• _Action item_:
No pictures, no extra lines: copy exactly from the line with "Birks Muse Teardrop" through the end of the entries.

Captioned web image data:
= = = =
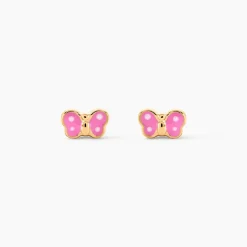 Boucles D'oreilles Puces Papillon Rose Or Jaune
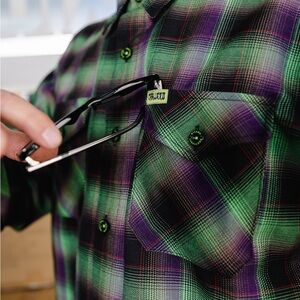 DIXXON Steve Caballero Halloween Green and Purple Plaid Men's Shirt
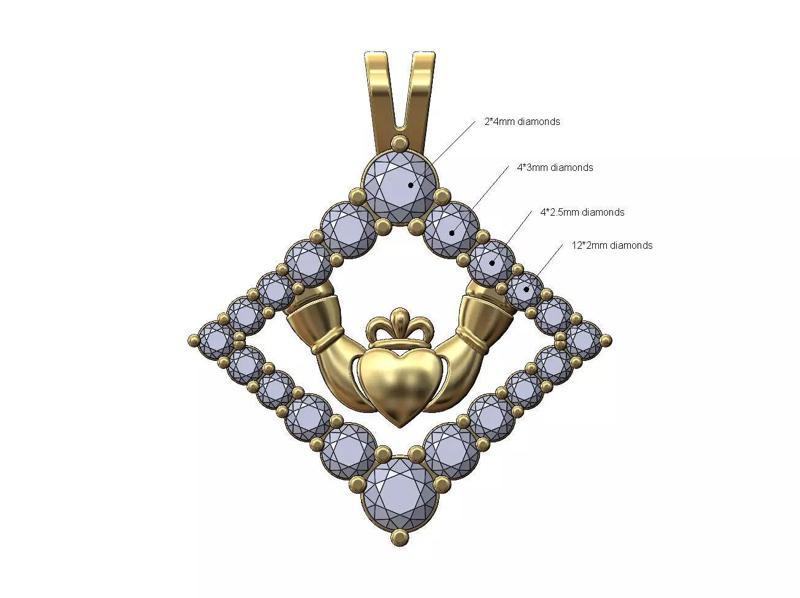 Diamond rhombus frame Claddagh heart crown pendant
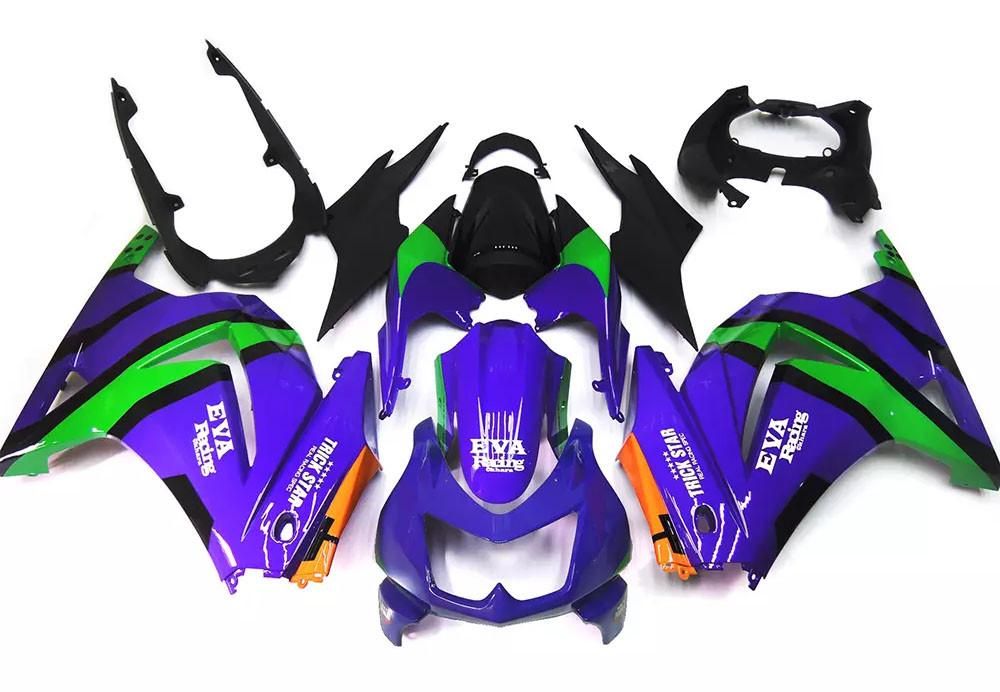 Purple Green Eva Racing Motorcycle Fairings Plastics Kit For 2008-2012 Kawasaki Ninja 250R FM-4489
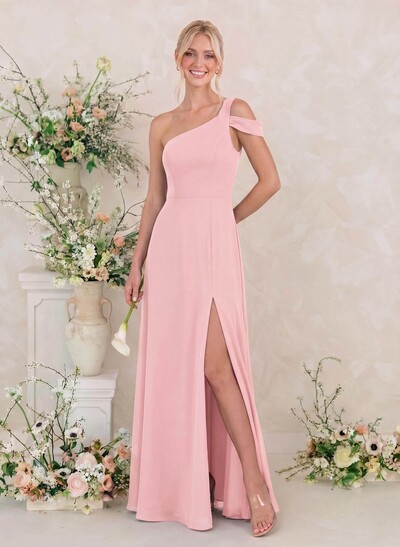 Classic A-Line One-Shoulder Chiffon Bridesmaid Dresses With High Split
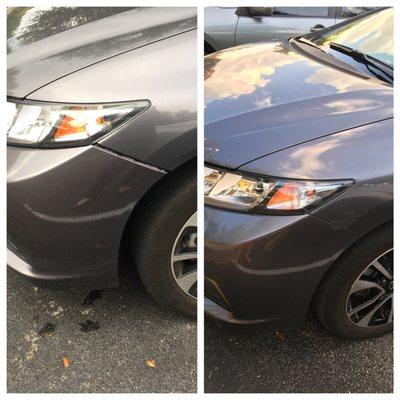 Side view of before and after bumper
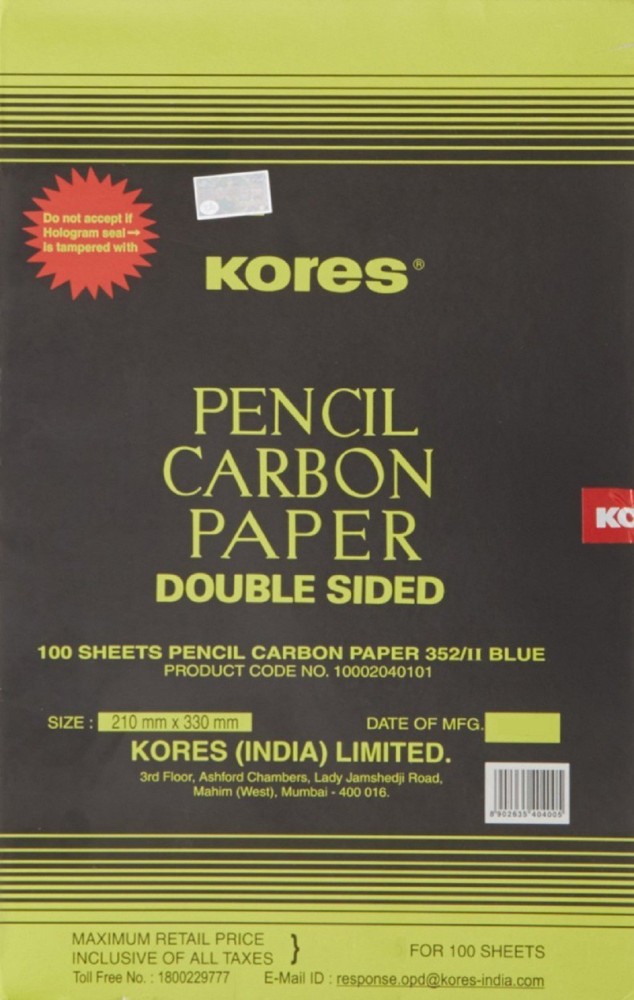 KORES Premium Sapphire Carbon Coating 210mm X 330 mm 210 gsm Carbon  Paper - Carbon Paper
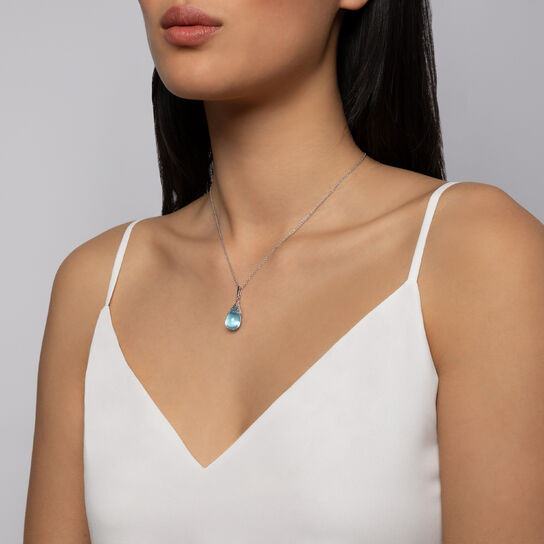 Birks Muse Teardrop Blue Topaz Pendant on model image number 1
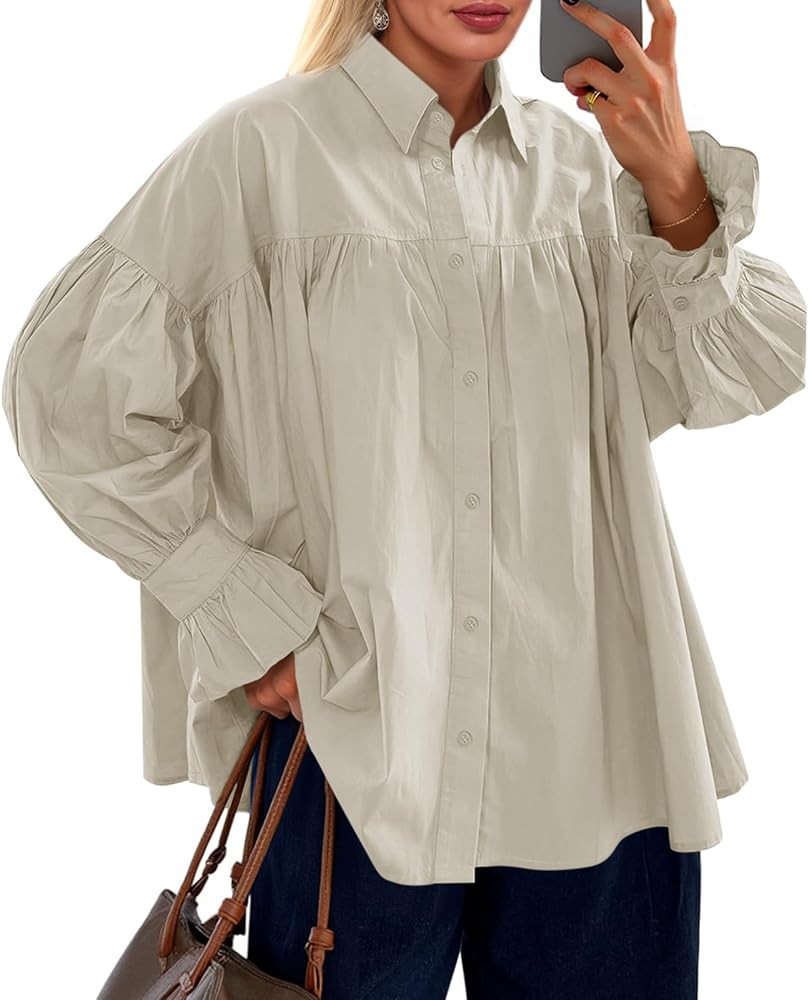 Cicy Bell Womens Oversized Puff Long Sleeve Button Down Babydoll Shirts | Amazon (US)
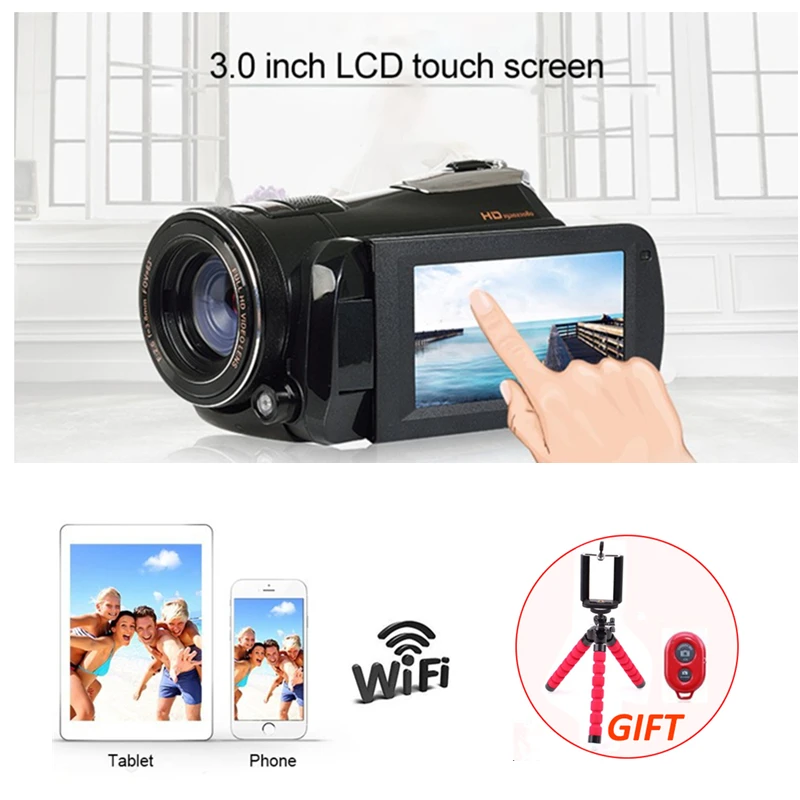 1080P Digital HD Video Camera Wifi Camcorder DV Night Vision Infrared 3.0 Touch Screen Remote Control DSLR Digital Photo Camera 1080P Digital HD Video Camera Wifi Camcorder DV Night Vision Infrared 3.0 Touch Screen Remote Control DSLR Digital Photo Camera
= = = =
• _Answer to this task_:
 Birks Muse Teardrop Blue Topaz Pendant on model image number 1
 Cicy Bell Womens Oversized Puff Long Sleeve Button Down Babydoll Shirts | Amazon (US)
 1080P Digital HD Video Camera Wifi Camcorder DV Night Vision Infrared 3.0 Touch Screen Remote Control DSLR Digital Photo Camera 1080P Digital HD Video Camera Wifi Camcorder DV Night Vision Infrared 3.0 Touch Screen Remote Control DSLR Digital Photo Camera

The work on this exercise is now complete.